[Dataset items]
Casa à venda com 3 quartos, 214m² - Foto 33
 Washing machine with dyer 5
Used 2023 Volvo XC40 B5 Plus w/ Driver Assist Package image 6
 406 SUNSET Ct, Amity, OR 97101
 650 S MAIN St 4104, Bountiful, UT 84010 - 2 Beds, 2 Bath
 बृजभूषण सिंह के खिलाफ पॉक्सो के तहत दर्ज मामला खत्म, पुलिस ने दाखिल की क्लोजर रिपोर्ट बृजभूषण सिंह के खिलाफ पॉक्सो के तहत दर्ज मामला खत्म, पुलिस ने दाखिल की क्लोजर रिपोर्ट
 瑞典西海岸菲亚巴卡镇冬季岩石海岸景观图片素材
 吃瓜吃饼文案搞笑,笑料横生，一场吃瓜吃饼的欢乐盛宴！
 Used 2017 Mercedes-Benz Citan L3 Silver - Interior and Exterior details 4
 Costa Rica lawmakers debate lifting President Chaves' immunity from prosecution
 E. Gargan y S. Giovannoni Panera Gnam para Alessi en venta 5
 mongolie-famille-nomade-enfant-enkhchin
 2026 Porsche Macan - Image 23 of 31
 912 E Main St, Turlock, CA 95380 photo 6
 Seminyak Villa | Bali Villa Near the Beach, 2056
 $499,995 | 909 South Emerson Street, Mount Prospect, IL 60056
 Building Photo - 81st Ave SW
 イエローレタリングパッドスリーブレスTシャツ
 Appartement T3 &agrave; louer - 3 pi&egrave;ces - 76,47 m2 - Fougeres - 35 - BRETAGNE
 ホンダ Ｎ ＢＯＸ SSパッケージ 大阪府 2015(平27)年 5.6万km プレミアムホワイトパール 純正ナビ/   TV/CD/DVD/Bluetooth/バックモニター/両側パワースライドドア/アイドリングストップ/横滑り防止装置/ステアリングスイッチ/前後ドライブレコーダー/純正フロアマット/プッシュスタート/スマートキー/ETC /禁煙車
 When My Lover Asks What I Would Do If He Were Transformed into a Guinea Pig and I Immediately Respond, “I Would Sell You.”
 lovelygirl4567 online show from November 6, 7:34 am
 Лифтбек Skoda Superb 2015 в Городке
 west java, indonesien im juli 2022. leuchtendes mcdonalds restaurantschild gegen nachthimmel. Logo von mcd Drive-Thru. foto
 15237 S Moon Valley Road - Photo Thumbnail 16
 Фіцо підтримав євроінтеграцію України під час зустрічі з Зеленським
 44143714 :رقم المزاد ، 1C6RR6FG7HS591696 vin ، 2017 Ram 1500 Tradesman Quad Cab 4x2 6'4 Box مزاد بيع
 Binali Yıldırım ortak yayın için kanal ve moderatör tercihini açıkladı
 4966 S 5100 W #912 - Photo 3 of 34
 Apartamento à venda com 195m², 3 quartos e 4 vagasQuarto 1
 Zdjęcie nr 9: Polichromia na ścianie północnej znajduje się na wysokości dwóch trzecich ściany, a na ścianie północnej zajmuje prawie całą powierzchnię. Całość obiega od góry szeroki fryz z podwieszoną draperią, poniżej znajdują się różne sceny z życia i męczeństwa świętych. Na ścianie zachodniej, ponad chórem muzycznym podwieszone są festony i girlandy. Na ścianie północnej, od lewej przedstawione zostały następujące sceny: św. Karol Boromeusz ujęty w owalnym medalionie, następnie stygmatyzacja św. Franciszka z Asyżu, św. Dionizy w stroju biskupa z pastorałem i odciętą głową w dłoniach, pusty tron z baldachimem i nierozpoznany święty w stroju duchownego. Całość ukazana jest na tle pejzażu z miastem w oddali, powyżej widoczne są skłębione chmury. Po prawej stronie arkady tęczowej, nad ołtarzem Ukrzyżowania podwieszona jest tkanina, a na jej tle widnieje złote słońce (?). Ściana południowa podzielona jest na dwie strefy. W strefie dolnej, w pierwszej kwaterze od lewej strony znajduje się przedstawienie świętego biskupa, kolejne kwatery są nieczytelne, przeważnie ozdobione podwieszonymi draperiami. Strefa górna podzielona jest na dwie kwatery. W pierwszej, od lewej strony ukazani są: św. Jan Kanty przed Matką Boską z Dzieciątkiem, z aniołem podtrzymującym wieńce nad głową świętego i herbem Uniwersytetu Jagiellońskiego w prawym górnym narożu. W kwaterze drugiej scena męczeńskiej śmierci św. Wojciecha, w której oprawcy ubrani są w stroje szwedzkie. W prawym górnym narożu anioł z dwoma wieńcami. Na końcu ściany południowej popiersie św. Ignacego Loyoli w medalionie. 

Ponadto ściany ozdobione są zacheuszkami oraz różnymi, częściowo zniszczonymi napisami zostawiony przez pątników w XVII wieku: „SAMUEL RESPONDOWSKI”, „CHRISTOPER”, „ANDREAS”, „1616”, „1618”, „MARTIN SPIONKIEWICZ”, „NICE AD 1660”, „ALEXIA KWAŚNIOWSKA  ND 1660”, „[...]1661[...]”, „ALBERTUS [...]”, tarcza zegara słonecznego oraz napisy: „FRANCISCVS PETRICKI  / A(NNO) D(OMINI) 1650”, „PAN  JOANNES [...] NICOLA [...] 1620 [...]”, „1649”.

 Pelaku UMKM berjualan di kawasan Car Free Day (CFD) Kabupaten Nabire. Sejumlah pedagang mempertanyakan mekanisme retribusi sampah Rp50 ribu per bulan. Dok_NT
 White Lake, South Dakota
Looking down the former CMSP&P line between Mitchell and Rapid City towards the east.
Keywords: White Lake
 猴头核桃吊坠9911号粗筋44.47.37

Work instruction: Retype only this portion of the data above: the line containing "650 S MAIN St", the line containing "Prospect, IL 60056", and all lines between them, exactly.

Written solution:
 650 S MAIN St 4104, Bountiful, UT 84010 - 2 Beds, 2 Bath
 बृजभूषण सिंह के खिलाफ पॉक्सो के तहत दर्ज मामला खत्म, पुलिस ने दाखिल की क्लोजर रिपोर्ट बृजभूषण सिंह के खिलाफ पॉक्सो के तहत दर्ज मामला खत्म, पुलिस ने दाखिल की क्लोजर रिपोर्ट
 瑞典西海岸菲亚巴卡镇冬季岩石海岸景观图片素材
 吃瓜吃饼文案搞笑,笑料横生，一场吃瓜吃饼的欢乐盛宴！
 Used 2017 Mercedes-Benz Citan L3 Silver - Interior and Exterior details 4
 Costa Rica lawmakers debate lifting President Chaves' immunity from prosecution
 E. Gargan y S. Giovannoni Panera Gnam para Alessi en venta 5
 mongolie-famille-nomade-enfant-enkhchin
 2026 Porsche Macan - Image 23 of 31
 912 E Main St, Turlock, CA 95380 photo 6
 Seminyak Villa | Bali Villa Near the Beach, 2056
 $499,995 | 909 South Emerson Street, Mount Prospect, IL 60056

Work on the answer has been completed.